2. Make sure you’re getting your macronutrients
Be sure your diet is rich in micronutrients. We require additional micronutrients to compensate for the deficiencies induced by Western agriculture.
An essential part of this is ‘Sunshine salt’ – a type of salt that contains all the essential minerals, plus a good dose of vitamin D and vitamin B, and helps correct the deficiencies of Western foods. Combine this with a good daily multivitamin and you will have all the major micronutrients in your diet.
3. Use herbs and spices when cooking
Be sure your diet is rich in spices and herbs. All plants and fungi have survived millions of years of evolution using their own particular form of chemical warfare. They too fight an arms race against microbes. All plants and fungi contain natural antiviral, antibacterial, antifungal, antiparasitic and anti-worm toxins.
Happily, many taste wonderful – again, that is no surprise as the brain has learned to seek out foods that are good for our survival and it encourages us to eat them by giving us a
hugely pleasurable experience. I do not think it matters much which herbs and spices you eat so long as you eat a lot of them.
4. Avoid addictive foods and habits
To stay in control of your health, ensure your lifestyle is low in addictive potential. Western lifestyles are dangerously addictive – you can see many laid out when you stop to refuel your car: chocolate, sweets, crisps, cigarettes, caffeine, alcohol, gambling and sex magazines to name a few.

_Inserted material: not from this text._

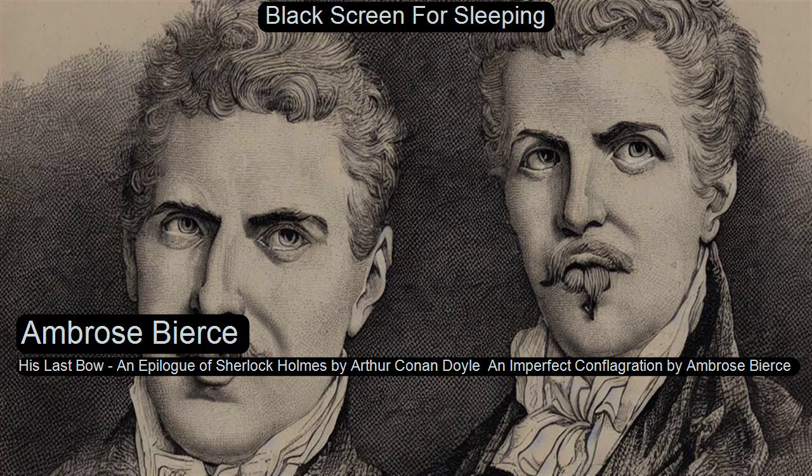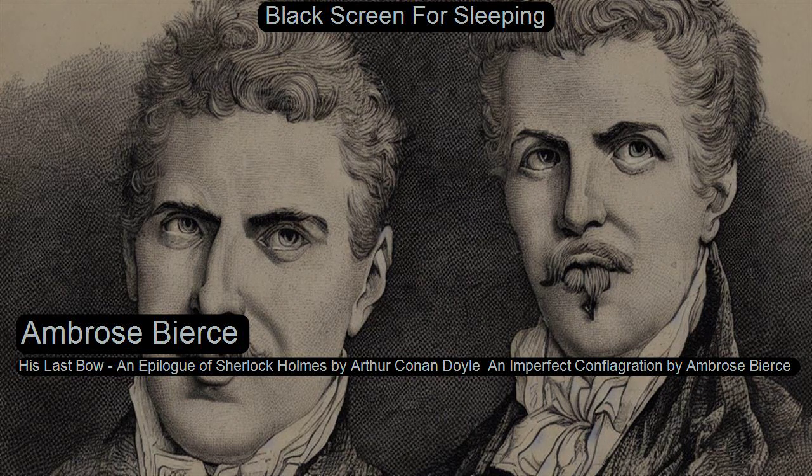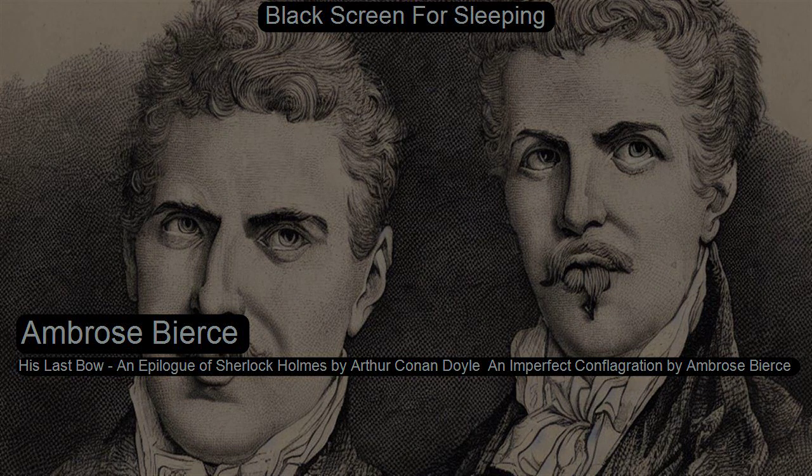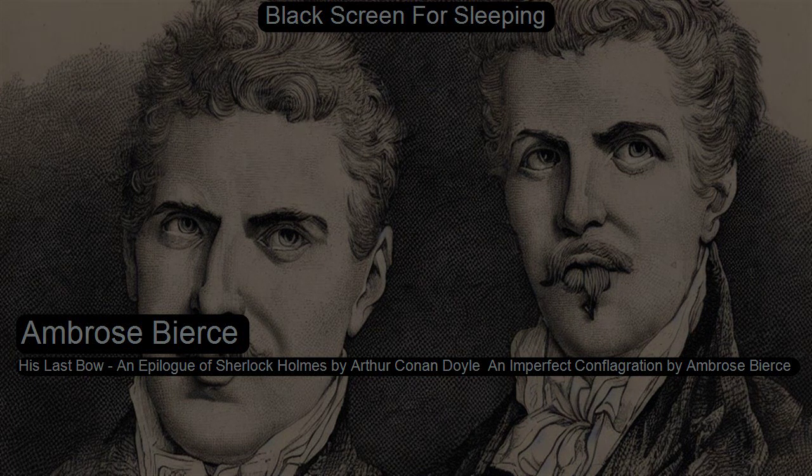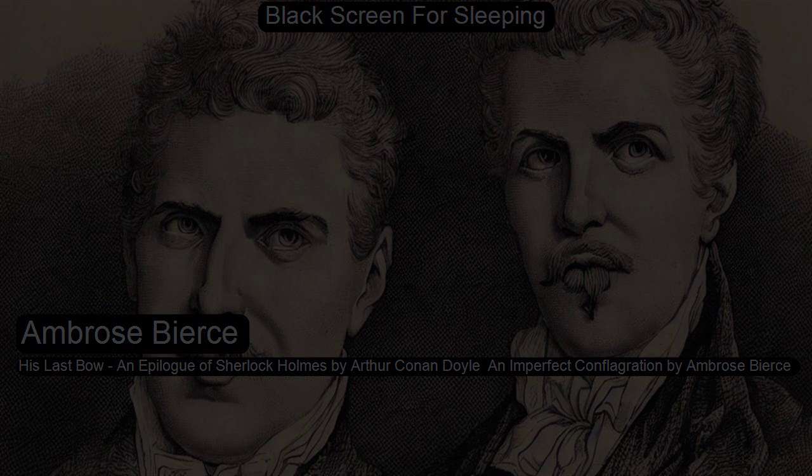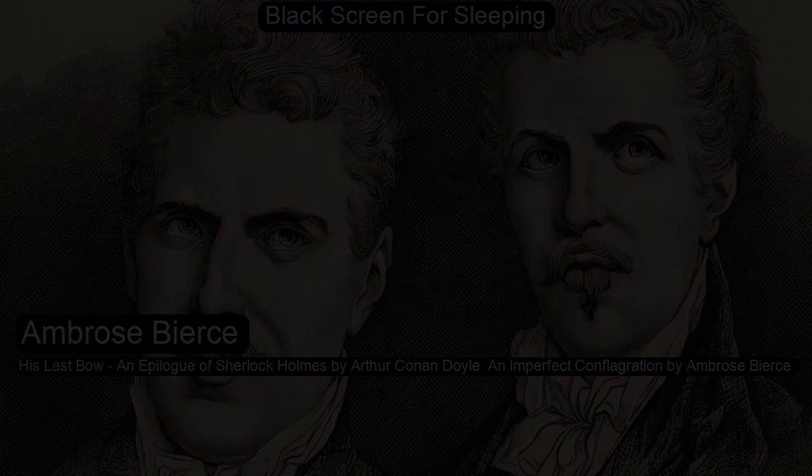An Imperfect Conflagration From The Parenticide Club By Ambrose Bierce. This is a LibriVox recording. All LibriVox recordings are in the public domain. For more information or to volunteer, please visit LibriVox.org.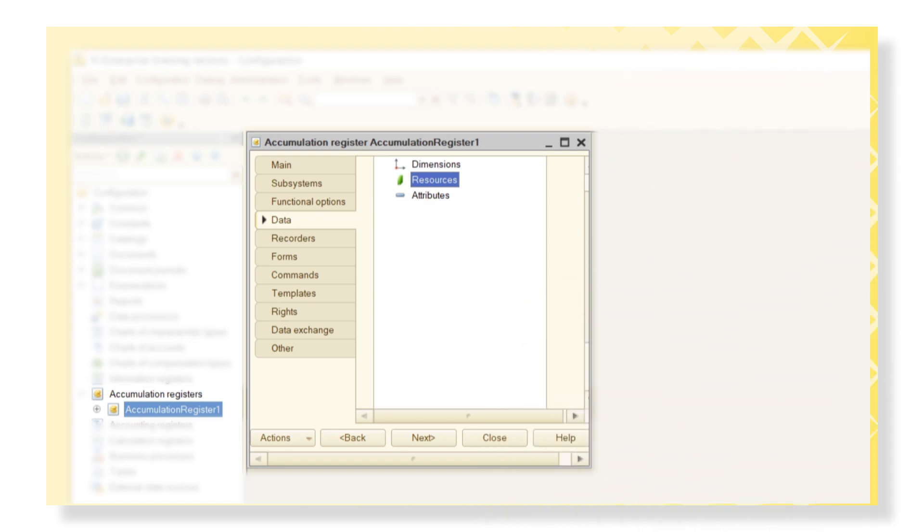Consider we need to take into account the debt of our company to vendors and customers. For this purpose, we create a registered debt. And to do it, we choose an accumulation register and add a new one with a proper name.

As any addict will tell you, one addiction tends to switch on another. I believe that sugar is more addictive than, and more dangerous than, smoking.
5. Eat plenty of high-fibre foods
Fibre is fermented by friendly, evolutionarily correct microbes in the lower gut into helpful by products such as heat, short-chain fatty acids (another fat fuel supply) and essential vitamins, such as vitamin K.
Friendly microbes train the immune system to respond and displace unfriendly microbes from the gut, increasing risks of infection. In turn, this aids in improving your gut health.
How will a low carb diet improve my gut health?
● The tips above inhibit upper gut fermentation – this further improves digestion and absorption of food and prevents leaky gut.
● Following this advice on what you eat will reduce the toxic load of Western diets in the gut, which has the potential to overload the liver.